═════ Material provided
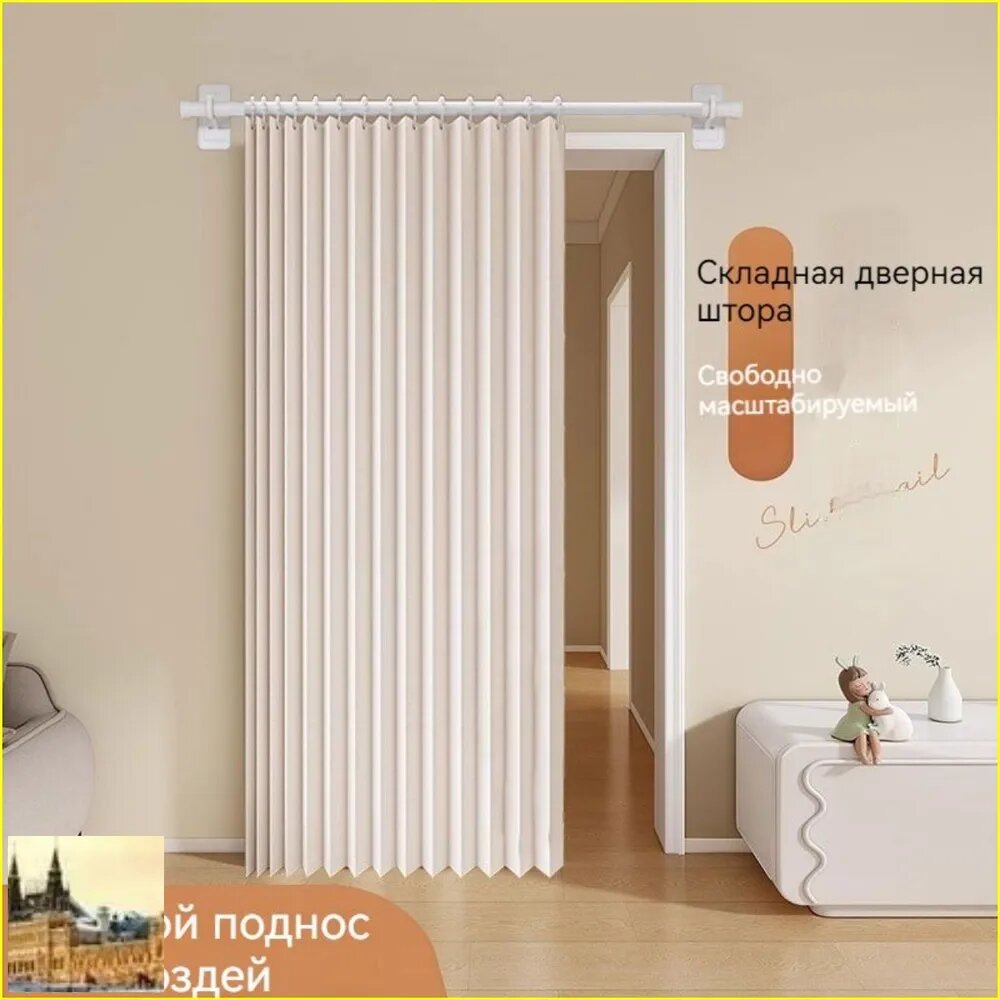 Дверь межкомнатная, Полиэстер с ПВХ покрытием, 700x2000, Глухая
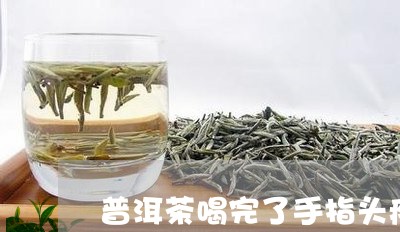 普洱茶喝完了手指头疼/2023072250583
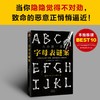 (仓发) 字母表谜案（当你隐隐觉得不对劲，致命的恶意正悄悄逼近！《诡计博物馆》作者大山诚一郎封神作）/河南文艺出版社/[日]大山诚一郎/9787555911425 商品缩略图1
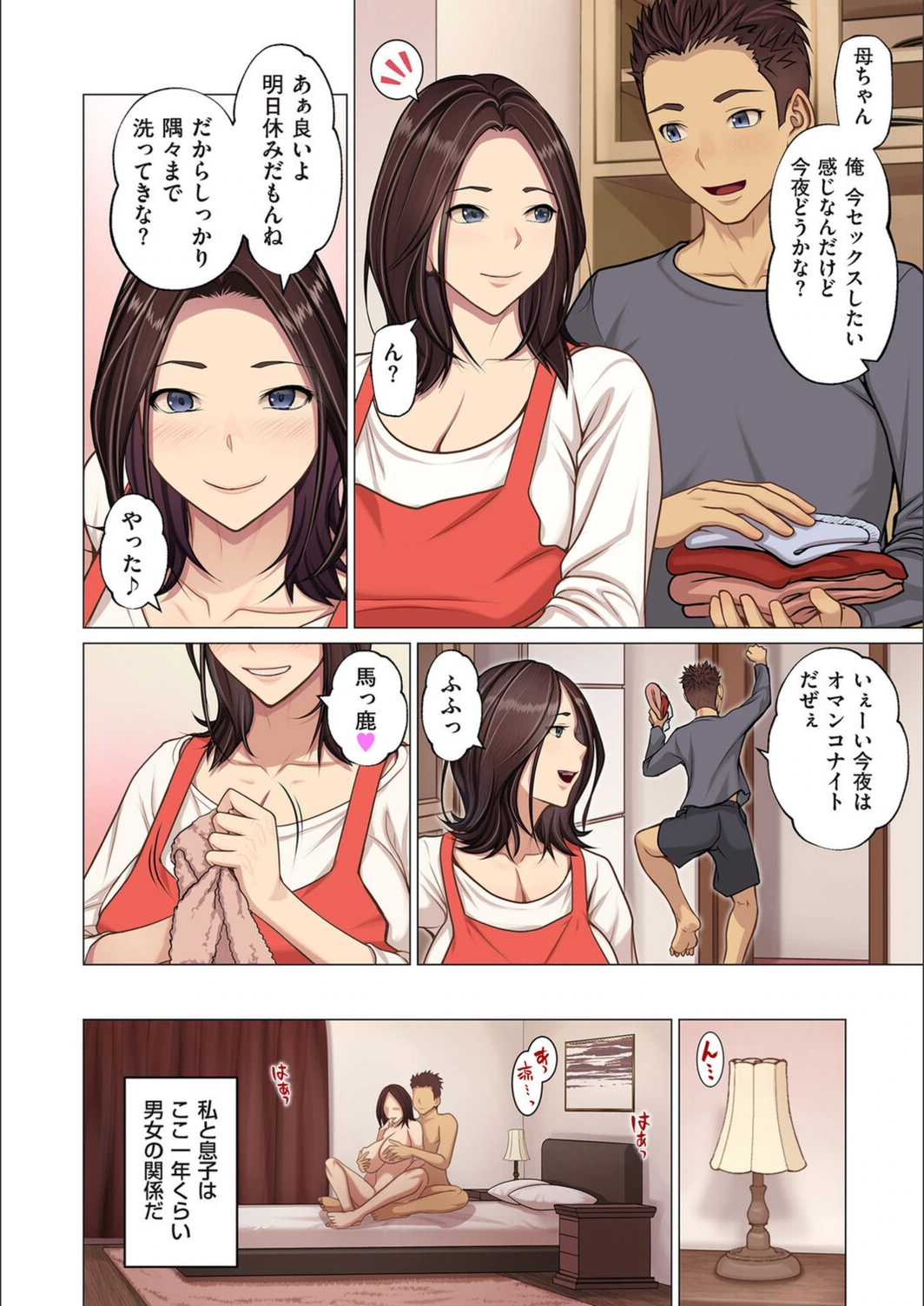 試し読み 2枚目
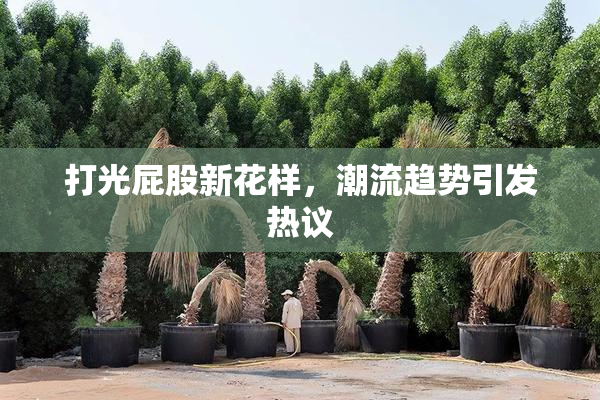 打光屁股新花样，潮流趋势引发热议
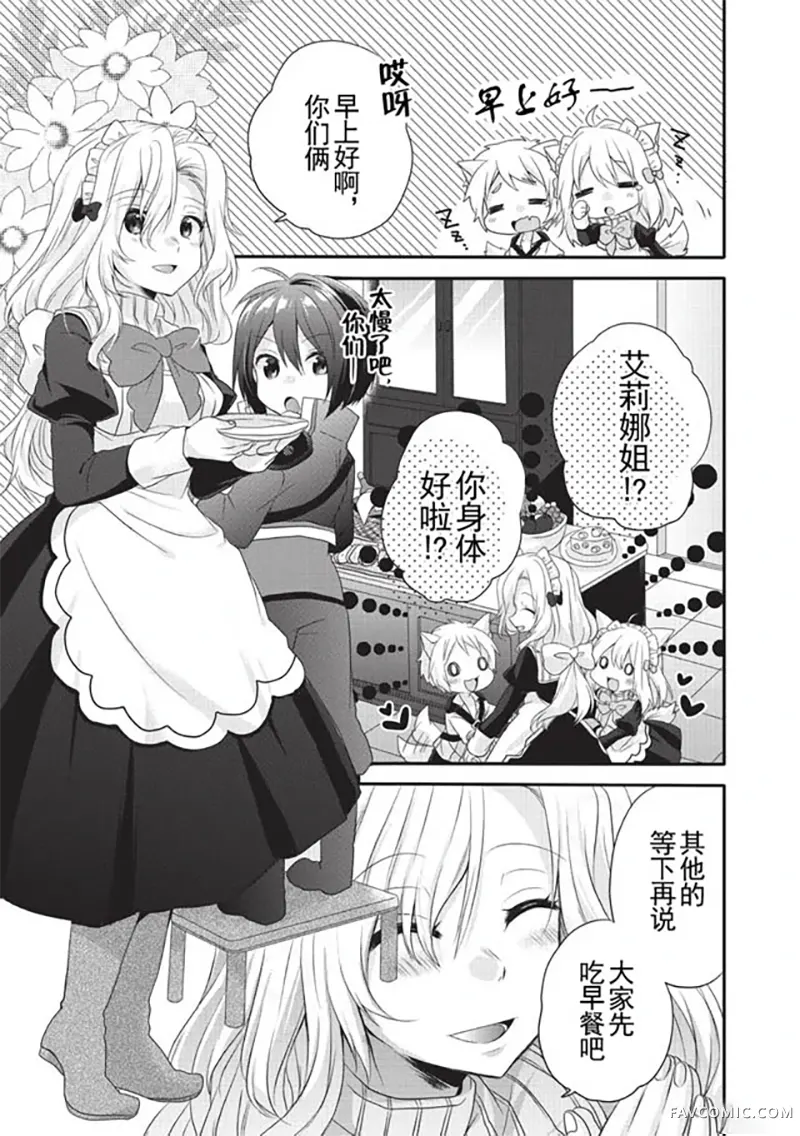 异世界式的教育者第05话P7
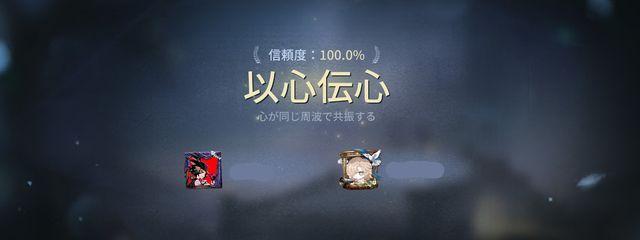 　早乙女 るあさんの壁紙画像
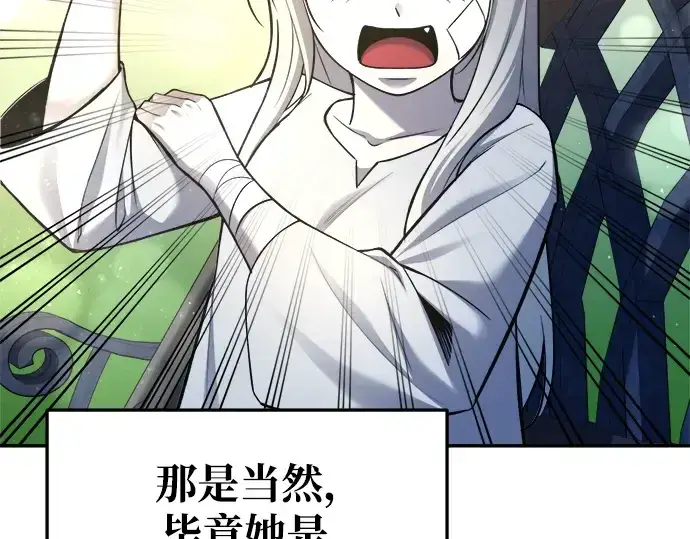 《成为塔防游戏里的暴君》第53话图183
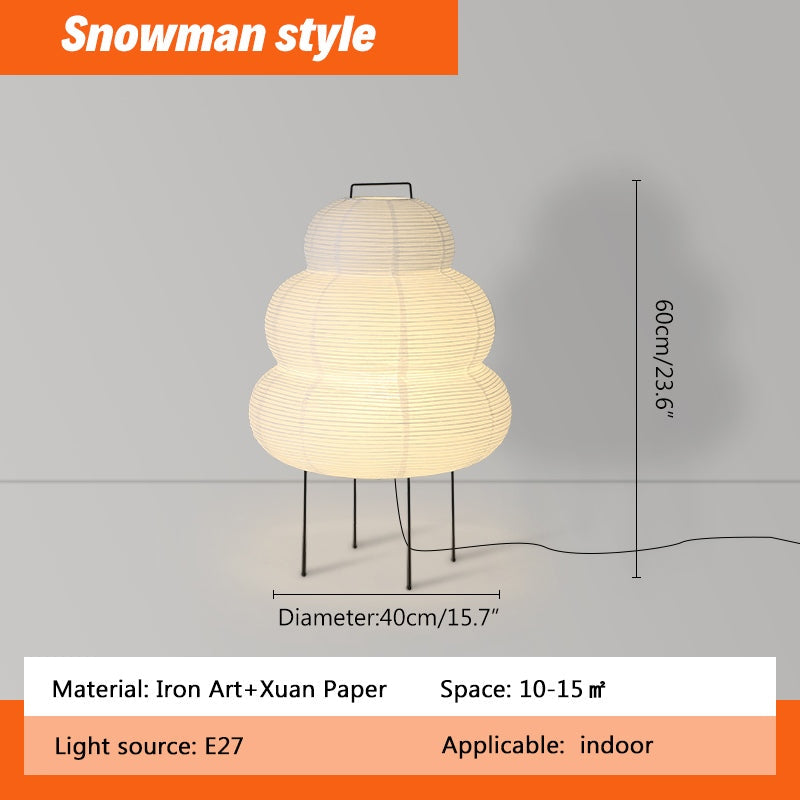 Antizer Rice Paper Art Floor & Table Lamp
══════════
To do:
With all pictures excluded, output exactly the lines from the one containing "打光屁股新花样，潮流趋势引发热议" through the final line of the entries, inclusive.

Answer box:
 打光屁股新花样，潮流趋势引发热议
 异世界式的教育者第05话P7
 　早乙女 るあさんの壁紙画像
 《成为塔防游戏里的暴君》第53话图183
 Antizer Rice Paper Art Floor & Table Lamp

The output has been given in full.